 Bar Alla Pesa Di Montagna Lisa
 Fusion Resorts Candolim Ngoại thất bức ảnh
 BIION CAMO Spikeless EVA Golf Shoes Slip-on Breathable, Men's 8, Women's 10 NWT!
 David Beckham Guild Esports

...

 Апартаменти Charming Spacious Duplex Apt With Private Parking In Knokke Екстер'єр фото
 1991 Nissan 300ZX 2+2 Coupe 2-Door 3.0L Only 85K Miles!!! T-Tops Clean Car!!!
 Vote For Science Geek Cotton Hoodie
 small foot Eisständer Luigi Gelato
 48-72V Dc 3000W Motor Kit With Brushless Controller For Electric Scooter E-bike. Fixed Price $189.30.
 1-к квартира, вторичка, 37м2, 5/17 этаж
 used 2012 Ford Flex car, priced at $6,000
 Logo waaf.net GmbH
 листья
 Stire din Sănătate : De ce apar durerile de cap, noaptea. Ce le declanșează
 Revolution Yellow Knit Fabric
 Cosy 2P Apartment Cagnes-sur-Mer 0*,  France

**INSTRUCTIONS FOR THE TASK**
All that should be written out is the stretch of lines above between the one holding "1991 Nissan 300ZX" and the one holding "Cosy 2P Apartment", inclusive, exactly as given.

**YOUR SOLUTION**
 1991 Nissan 300ZX 2+2 Coupe 2-Door 3.0L Only 85K Miles!!! T-Tops Clean Car!!!
 Vote For Science Geek Cotton Hoodie
 small foot Eisständer Luigi Gelato
 48-72V Dc 3000W Motor Kit With Brushless Controller For Electric Scooter E-bike. Fixed Price $189.30.
 1-к квартира, вторичка, 37м2, 5/17 этаж
 used 2012 Ford Flex car, priced at $6,000
 Logo waaf.net GmbH
 листья
 Stire din Sănătate : De ce apar durerile de cap, noaptea. Ce le declanșează
 Revolution Yellow Knit Fabric
 Cosy 2P Apartment Cagnes-sur-Mer 0*,  France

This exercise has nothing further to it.